Fake MX Records More Harm Than Good
Written by Paul Cunningham on March 11, 2010
I read a tip just recently that advocated the use of fake MX records as a spam deterrent. The solution was apparently devised after struggling with the server load that was being generated by spam emails.
As we all know, spam makes up as much as 90% of global email traffic, so it is not unusual for spam load to be a serious issue for email server performance. The natural instinct is to prevent that load from being applied to the server in the first place. Fake MX records are not the best way to do this.
MX records are the DNS records that tell email servers where to send email that is addressed to a particular domain.

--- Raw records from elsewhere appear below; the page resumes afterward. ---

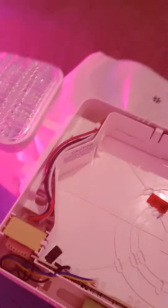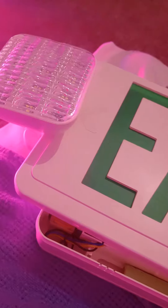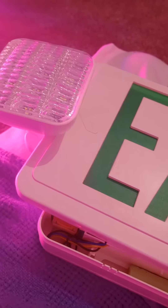Here's the whole thing — the canopy mounts to a back box. It's better than you can mount it surface-mounted. As you can see, it has LEDs on it, same as this one. Make sure to connect the battery to the circuit board during installation.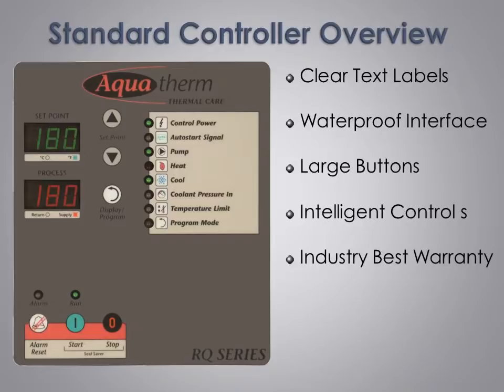Easy to understand clear text and multicolored lights show normal, warning, and alarm conditions. With no need to decipher codes or abbreviations, our clear text display puts all main operating and alarm information in one place that is easy to see and use. To protect the controller from water damage, we use a waterproof sealed overlay.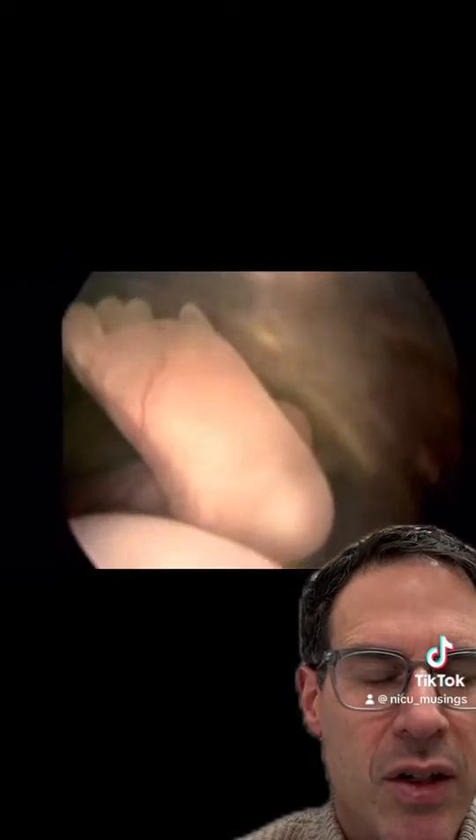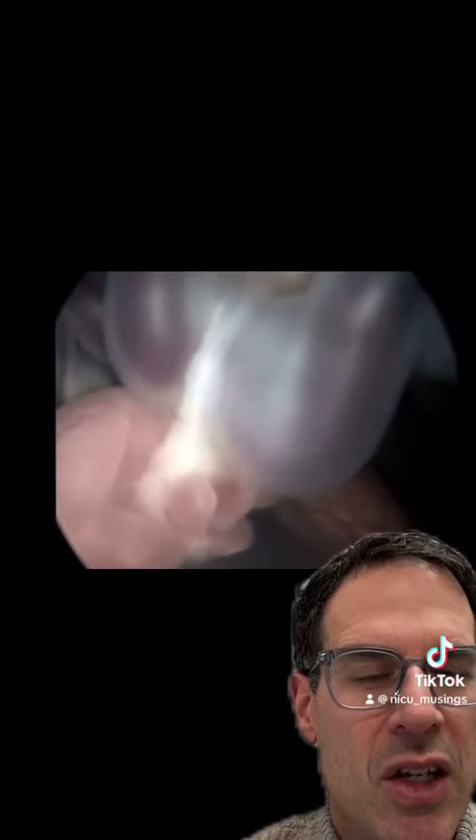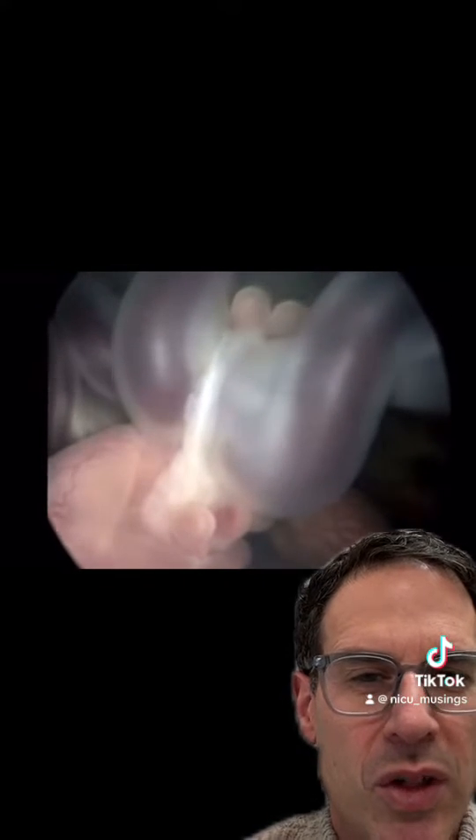Tissue coming off this innermost layer of the sac the fetus is growing in can come across and encircle a limb, as you saw there. In this case it was the fingers. You can see it encircling the umbilical cord as well.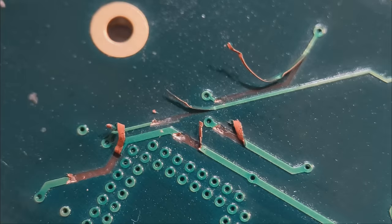Hi everyone, welcome to our latest soldering tutorial. We're going to cover trace damage in this video.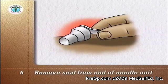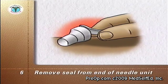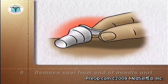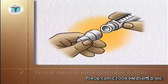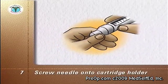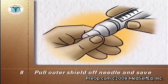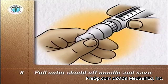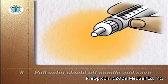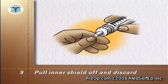Remove the seal from the end of the new needle unit. Don't touch the exposed needle or allow it to touch any other object. Screw the needle unit onto the end of the cartridge holder. Pull the outer shield off the needle — do not throw it away, as you will need it later to remove the needle unit from the pen. Pull the inner shield off the needle and discard it.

For example, if I send an email to john@company.com my email server will look up the MX record for company.com, determine the associated IP address, and transmit the message over SMTP to that IP address.
To maintain redundancy most organizations will use multiple MX records that point to multiple email servers, so that if one is unavailable the others can still receive incoming email. MX records are given a priority, an arbitrary number that is only relative to the priority of other MX records for that domain. The lower the number, the higher the priority.
So for the same example as above, my email server looks up the MX record for company.com and gets the following response.
company.com MX preference = 10, mail exchanger = maila.company.com company.com MX preference = 20, mail exchanger = mailb.company.com
It knows then to send to maila.company.com first, and then try mailb.company.com if the first try is not successful.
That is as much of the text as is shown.